YARN is a resource management and scheduling framework that distributes resource management and job management duties. YARN assigns the resource management and job management duties as follows:
ResourceManager - manages cluster resources and tracks resource usage and node health
ApplicationMaster - a framework-specific process that negotiates resources for a single application (a single job or a directed acyclic graph of jobs) which runs in the first container (see below) allocated for the application
The ResourceManager allocates resources among all the applications running the cluster. The ResourceManager includes a pluggable scheduler, which is responsible for allocating resources according to the resource requirements of the running applications. Current MapReduce schedulers, including the Capacity Scheduler and the Fair Scheduler, can be plugged into the YARN scheduler directly.

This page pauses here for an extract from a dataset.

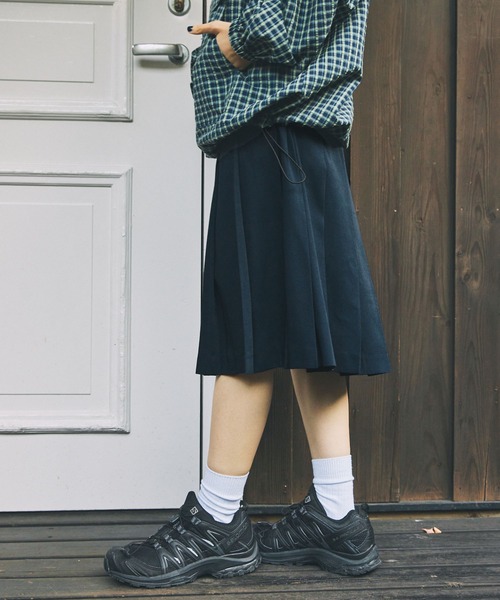 MONO-MART LADY'S（モノマートレディース）の「アソート プリーツミディ丈スカート（スカート・レディース・ネイビー系/ブラック系/グレー/ブラック/ネイビー・FREE）」の17枚目の写真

Each application runs an ApplicationMaster to negotiate resources from the ResourceManager. The ApplicationMaster works with the NodeManagers to execute and monitor tasks.
The duties of the TaskTracker are divided as follows:
NodeManager - One instance runs on each node, to manage that node's resources.
Container - An abstraction representing a unit of resources on a node. The NodeManager provides containers to an application.
The ResourceManager and the NodeManager provide the system for distributed management of applications and resources.
This document includes the following topics related to YARN:
The ResourceManager is mainly concerned with arbitrating available resources in the cluster among competing applications, with the goal of maximum cluster utilization. The ResourceManager includes a pluggable scheduler called the YarnScheduler, which allows different policies for managing constraints such as capacity, fairness, and service level agreements.
Figure 1. Internal Components of the Resource Manager
The Resource manager manages resources as follows:
Each NodeManager takes instructions from the ResourceManager, reporting and handling containers on a single node
Each ApplicationMaster requests resources from the ResourceManager, then works with containers provided by NodeManagers
The ResourceManager communicates with application clients via an interface called the ClientService. A client can submit or terminate an application and gain information about the scheduling queue or cluster statistics through the ClientService.
Administrative requests are served by a separate interface called the AdminService, through which operators can get updated information about cluster operation.
Behind the scenes, the ResourceTrackerService receives node heartbeats from the NodeManager to track new or decommissioned nodes. The NMLivelinessMonitor and NodesListManager keep an updated status of which nodes are healthy so that the scheduler and the ResourceTrackerService can allocate work appropriately.
A component called the ApplicationMasterService manages ApplicationMasters on all nodes, keeping the scheduler informed. A component called the AMLivelinessMonitor keeps a list of ApplicationMasters and their last heartbeat times, in order to let the ResourceManager know what applications are healthy on the cluster. Any ApplicationMaster that does not heartbeat within a certain interval is marked as dead and re-scheduled to run on a new container.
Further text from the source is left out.